[Stored data entries]
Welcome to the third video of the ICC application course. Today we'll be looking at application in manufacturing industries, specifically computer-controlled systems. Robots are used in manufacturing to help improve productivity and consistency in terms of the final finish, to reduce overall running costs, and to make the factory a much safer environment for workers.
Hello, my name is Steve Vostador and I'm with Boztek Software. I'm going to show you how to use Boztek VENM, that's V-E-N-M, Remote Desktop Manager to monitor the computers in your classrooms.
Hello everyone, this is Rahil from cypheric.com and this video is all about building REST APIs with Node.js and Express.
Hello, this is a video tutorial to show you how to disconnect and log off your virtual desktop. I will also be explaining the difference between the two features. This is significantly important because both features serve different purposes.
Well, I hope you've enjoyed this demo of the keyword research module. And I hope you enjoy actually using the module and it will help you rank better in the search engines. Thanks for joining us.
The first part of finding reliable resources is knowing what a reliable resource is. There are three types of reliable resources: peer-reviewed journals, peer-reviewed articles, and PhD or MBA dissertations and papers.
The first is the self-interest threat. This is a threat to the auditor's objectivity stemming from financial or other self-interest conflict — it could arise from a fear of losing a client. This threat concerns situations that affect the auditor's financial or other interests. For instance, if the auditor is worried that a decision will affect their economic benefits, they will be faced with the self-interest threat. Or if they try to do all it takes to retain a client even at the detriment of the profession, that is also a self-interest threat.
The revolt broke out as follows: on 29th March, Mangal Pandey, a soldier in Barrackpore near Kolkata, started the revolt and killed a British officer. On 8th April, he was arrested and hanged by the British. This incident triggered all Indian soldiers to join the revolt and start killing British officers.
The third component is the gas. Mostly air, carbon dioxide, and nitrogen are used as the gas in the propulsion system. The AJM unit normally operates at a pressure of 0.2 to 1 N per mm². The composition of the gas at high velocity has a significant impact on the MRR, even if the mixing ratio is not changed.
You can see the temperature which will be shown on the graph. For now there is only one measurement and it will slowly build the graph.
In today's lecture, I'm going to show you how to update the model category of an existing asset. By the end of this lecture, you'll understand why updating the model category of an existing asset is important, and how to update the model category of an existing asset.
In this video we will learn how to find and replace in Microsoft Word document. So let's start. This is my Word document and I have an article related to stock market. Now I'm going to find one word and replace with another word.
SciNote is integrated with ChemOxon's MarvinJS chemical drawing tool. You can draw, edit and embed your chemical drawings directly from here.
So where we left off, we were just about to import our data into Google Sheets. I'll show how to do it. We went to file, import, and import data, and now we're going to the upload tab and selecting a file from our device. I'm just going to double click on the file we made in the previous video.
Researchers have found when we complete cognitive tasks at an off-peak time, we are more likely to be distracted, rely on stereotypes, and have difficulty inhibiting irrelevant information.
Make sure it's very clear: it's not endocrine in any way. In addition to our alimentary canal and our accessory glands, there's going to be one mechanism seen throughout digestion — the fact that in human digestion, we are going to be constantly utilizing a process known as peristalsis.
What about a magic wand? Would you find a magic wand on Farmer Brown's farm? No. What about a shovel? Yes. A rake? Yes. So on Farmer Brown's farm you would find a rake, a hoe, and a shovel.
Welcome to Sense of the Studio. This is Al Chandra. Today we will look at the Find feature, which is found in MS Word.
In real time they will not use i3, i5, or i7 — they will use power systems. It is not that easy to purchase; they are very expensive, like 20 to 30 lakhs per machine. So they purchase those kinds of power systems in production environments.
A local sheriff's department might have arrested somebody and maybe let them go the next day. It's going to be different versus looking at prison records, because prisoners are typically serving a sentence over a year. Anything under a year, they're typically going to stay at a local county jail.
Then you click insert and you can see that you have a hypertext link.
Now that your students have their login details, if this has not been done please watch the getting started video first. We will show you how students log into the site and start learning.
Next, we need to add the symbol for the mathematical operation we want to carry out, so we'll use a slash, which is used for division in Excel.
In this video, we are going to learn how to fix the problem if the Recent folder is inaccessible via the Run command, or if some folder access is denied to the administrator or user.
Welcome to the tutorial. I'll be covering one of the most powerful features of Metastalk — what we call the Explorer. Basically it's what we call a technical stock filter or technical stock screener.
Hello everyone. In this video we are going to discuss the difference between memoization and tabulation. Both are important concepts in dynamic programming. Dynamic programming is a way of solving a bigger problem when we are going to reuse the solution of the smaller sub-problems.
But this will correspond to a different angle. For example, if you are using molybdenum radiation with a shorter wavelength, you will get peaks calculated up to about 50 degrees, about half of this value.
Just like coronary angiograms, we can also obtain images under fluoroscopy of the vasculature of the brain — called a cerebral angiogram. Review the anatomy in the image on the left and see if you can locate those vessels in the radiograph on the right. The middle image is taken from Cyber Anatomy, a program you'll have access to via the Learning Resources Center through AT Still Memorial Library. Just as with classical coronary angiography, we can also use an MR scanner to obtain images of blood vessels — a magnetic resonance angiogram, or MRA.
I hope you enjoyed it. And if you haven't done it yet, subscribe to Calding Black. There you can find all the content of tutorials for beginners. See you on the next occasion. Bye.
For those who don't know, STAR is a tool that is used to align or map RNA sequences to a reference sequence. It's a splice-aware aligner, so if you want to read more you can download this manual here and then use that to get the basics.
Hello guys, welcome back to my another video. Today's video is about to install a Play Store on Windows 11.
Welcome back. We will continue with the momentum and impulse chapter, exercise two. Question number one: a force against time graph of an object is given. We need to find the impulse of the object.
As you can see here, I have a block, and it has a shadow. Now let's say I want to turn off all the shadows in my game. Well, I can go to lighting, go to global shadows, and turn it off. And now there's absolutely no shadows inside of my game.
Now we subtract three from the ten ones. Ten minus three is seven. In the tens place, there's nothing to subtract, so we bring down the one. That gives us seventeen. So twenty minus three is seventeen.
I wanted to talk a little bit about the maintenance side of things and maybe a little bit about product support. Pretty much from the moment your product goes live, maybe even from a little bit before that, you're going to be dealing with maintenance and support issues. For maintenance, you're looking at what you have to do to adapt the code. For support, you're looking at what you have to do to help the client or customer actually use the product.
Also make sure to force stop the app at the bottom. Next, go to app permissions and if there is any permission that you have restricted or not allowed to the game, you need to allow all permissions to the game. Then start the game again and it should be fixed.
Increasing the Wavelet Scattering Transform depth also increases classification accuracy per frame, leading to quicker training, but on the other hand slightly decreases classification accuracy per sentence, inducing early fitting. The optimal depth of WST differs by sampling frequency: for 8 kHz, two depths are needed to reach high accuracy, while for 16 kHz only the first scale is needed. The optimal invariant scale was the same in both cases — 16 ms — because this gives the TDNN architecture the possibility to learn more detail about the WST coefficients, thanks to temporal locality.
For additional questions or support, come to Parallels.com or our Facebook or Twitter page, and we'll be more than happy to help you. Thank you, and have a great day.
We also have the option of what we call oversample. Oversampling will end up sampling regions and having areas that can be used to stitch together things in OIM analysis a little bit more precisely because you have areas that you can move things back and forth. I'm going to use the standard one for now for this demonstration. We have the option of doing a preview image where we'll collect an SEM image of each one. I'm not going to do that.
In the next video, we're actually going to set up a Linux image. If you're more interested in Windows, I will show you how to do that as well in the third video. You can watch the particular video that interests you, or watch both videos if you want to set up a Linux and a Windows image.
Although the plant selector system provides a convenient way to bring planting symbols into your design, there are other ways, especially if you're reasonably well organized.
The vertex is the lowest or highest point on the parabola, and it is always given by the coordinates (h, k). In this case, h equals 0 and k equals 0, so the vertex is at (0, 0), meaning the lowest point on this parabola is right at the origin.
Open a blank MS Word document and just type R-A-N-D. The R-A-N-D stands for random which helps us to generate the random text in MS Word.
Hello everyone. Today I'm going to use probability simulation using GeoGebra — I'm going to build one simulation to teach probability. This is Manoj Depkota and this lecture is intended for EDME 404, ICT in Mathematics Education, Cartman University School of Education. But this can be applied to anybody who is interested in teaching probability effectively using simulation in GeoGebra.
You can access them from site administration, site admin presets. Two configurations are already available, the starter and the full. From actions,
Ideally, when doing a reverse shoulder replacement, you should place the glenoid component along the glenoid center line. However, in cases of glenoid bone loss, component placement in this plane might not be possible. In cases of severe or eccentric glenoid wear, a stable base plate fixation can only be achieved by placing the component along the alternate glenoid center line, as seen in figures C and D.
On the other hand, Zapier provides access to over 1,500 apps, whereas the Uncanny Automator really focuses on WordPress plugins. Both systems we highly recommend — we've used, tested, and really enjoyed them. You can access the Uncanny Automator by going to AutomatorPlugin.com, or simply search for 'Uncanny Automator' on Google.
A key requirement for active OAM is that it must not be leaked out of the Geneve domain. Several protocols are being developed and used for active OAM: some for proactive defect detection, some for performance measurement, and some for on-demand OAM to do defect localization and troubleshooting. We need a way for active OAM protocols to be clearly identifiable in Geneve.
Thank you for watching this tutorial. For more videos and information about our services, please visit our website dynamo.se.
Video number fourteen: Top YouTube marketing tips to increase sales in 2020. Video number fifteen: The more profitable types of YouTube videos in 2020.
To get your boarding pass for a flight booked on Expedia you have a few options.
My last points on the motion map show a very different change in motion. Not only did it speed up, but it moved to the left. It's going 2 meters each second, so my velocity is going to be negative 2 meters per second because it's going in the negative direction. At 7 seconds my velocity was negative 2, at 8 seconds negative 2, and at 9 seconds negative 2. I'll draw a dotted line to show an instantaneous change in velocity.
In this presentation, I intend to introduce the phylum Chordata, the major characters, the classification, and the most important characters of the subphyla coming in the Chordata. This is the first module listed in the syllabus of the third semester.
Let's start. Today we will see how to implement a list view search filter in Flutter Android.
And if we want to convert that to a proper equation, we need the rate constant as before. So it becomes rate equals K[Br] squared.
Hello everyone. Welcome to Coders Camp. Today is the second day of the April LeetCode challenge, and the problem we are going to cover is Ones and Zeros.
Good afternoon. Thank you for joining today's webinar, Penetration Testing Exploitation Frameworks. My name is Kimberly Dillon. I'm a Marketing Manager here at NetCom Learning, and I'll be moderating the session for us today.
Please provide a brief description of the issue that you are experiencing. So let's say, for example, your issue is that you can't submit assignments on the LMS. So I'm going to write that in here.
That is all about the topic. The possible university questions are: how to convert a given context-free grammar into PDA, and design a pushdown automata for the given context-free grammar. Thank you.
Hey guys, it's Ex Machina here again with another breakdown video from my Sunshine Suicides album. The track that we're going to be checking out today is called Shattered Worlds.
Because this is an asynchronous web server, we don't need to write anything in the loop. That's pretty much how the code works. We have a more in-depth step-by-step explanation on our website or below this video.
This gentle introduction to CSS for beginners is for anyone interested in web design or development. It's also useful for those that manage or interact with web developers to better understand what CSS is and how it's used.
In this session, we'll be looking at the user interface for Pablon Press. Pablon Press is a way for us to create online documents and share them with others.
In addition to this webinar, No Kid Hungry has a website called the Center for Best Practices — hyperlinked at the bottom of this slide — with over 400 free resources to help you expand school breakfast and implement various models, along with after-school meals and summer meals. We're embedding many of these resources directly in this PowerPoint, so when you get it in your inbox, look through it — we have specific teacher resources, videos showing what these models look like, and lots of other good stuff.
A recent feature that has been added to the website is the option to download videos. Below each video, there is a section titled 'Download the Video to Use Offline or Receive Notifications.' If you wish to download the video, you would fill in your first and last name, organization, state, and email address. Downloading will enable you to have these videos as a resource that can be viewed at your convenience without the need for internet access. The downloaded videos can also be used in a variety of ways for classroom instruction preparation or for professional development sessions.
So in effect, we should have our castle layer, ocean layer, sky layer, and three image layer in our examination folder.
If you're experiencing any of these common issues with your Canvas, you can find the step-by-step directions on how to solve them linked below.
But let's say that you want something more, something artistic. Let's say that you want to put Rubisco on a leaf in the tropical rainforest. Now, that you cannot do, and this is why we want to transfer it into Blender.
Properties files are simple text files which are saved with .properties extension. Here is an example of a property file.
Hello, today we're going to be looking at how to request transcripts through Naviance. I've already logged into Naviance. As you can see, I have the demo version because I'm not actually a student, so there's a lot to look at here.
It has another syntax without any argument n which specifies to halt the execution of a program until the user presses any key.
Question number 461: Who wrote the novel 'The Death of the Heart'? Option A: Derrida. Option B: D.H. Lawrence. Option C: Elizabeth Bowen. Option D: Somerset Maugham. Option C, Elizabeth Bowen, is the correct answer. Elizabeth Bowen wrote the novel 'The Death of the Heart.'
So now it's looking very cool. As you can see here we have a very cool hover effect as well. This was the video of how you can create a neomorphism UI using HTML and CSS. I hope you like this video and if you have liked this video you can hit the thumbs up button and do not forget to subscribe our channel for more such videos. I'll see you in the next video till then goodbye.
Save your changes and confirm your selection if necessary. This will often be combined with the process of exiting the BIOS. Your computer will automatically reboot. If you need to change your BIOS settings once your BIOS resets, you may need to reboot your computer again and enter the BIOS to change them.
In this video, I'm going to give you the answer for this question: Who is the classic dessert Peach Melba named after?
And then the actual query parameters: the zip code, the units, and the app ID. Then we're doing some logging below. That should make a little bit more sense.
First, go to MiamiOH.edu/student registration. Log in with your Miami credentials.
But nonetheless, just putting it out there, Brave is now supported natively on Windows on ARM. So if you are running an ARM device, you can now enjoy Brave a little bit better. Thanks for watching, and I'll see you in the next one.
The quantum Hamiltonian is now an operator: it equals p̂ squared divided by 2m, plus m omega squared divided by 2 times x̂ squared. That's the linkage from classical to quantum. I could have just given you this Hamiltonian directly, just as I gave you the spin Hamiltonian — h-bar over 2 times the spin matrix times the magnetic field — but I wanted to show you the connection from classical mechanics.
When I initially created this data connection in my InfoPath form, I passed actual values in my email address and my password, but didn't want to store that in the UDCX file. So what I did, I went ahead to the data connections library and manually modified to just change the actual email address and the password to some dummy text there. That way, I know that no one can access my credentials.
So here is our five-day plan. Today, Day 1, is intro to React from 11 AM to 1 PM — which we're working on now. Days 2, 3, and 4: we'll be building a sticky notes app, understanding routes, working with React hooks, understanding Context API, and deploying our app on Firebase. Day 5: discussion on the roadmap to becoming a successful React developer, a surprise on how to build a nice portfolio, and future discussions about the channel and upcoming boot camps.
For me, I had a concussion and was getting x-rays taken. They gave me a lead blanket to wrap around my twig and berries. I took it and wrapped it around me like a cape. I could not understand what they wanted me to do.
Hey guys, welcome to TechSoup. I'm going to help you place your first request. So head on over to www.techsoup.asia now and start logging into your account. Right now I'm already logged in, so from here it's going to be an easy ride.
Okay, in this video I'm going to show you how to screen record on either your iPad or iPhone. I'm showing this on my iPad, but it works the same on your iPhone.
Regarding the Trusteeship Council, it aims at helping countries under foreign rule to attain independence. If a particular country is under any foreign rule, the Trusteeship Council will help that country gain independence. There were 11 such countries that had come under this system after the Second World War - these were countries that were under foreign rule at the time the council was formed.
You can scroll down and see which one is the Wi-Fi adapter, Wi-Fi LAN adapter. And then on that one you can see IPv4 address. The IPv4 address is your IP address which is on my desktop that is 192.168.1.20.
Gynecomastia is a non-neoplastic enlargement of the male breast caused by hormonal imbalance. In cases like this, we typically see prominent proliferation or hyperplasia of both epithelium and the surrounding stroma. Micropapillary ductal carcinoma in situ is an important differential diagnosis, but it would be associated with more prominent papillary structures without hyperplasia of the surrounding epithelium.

▶ _Your task_: Print again the lines of the entries above that fall between the line holding "Also make sure" and the line holding "Increasing the Wavelet", inclusive, exactly as they stand.

▶ _Result of the exercise_:
Also make sure to force stop the app at the bottom. Next, go to app permissions and if there is any permission that you have restricted or not allowed to the game, you need to allow all permissions to the game. Then start the game again and it should be fixed.
Increasing the Wavelet Scattering Transform depth also increases classification accuracy per frame, leading to quicker training, but on the other hand slightly decreases classification accuracy per sentence, inducing early fitting. The optimal depth of WST differs by sampling frequency: for 8 kHz, two depths are needed to reach high accuracy, while for 16 kHz only the first scale is needed. The optimal invariant scale was the same in both cases — 16 ms — because this gives the TDNN architecture the possibility to learn more detail about the WST coefficients, thanks to temporal locality.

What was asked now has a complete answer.